Gustave Doré (French, 1832–1883)
Moses before Pharoah, ca 1869–1872
Charcoal, pen, ink wash, with white gouache on wove paper, 22 x 33 in.
Inscribed lower right: Approuve la copie comme trés fidèle et excellente / G Doré

Moses Before Pharaoh represents a moment from the Old Testament (Exodus 11, 12). God has sent the tenth plague, killing the first-born of Egypt in order to convince Pharaoh to release the Jews from enslavement. Here, the standing figures of Moses and Aaron are surrounded by prostrate Jews in the foreground, while Pharaoh stands at the apex with his extensive court of priests and advisors. Doré incorporated Orientalist details in the garb of the Egyptians and the surrounding architecture, which would have appealed to Victorian audiences familiar with images and travel accounts from the Holy Land. But Doré also incorporates certain aspects of traditional biblical painting. The perspective, organization of figures, and gestures recall such Renaissance works as Paolo Veronese’s Wedding Feast at Cana (Musée du Louvre, Paris) and Raphael’s Vatican fresco, The School of Athens.

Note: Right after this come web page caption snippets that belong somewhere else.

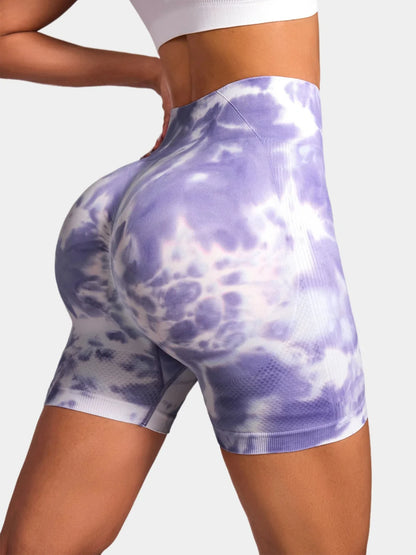 Tie Dye Push Up Butt Yoga Shorts Seamless High Waist For Women High Stretchy Knitting Fashion Gym Cycling Pants.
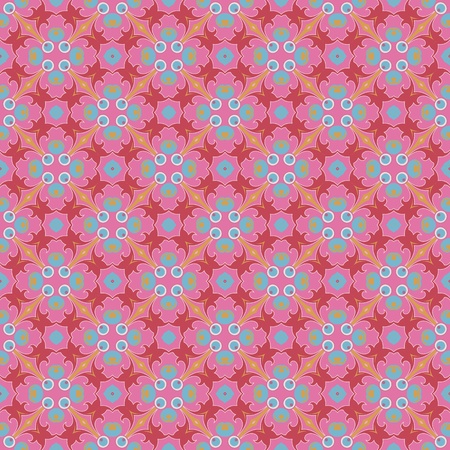 Vintage damask wallpaper pattern with abstract flowers and swirls in pink, blue, purple, brownのイラスト素材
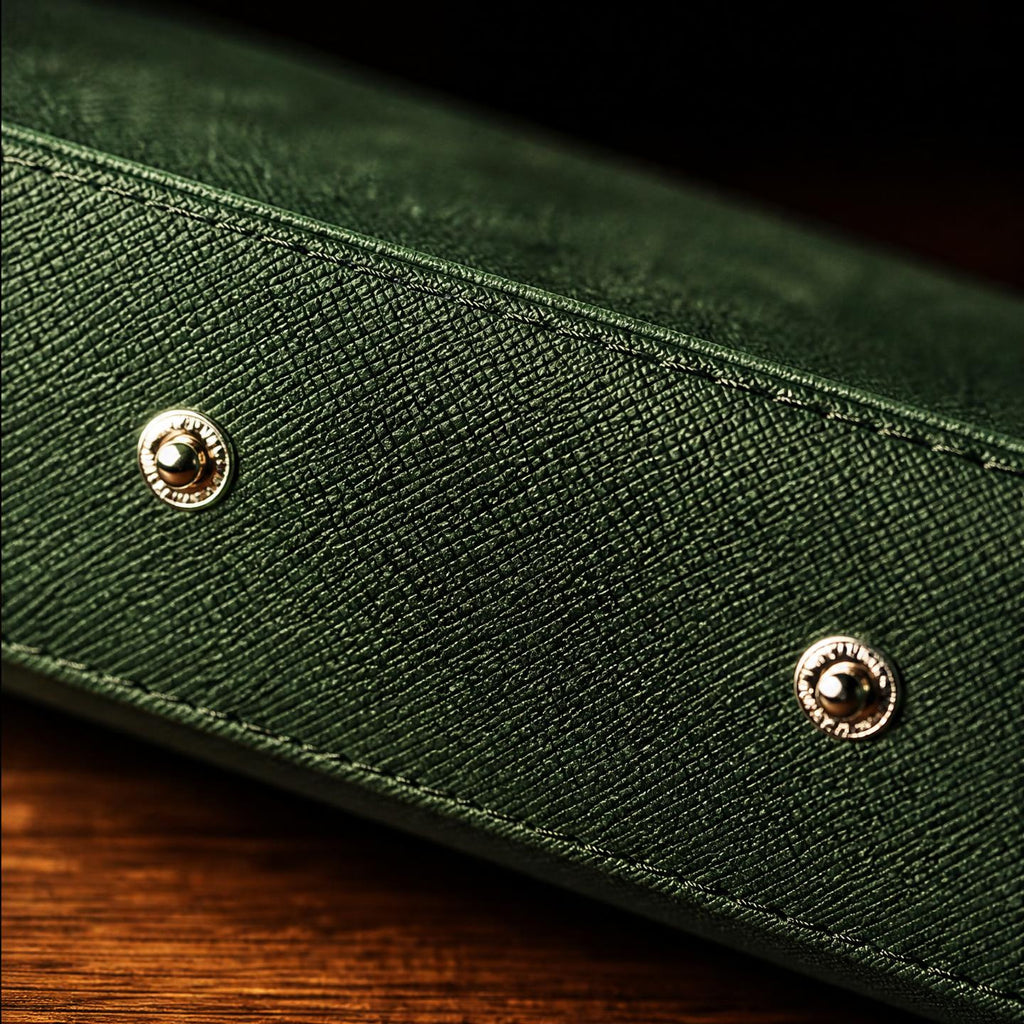 Étui de voyage cuir vert 3 montres - Forêt Impériale III - Maison Delcombe - vue 3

Born in Strasbourg, Doré began drawing at an early age and became perhaps the 19th century’s most prolific illustrator. He is best known for his illustrations of such literary masterpieces as Byron’s Complete Works, Dante’s Divine Comedy, and Cervantes’ Don Quixote, and, most famously, the “Doré Bible.” After continued attempts at ambitious narrative paintings were poorly received in France, in 1868 he opened the Doré Gallery in London’s Bond Street and became a critically and commercially successful artist. An inscription with this highly finished drawing attests that it was approved as preparation for a steel engraving to be exhibited and sold at the Doré Gallery. Doré’s Biblical compositions were often monumentally scaled with dramatic incident, large crowds, detailed costumes, and architecture, making them the late 19th-century equivalent of cinematic blockbusters.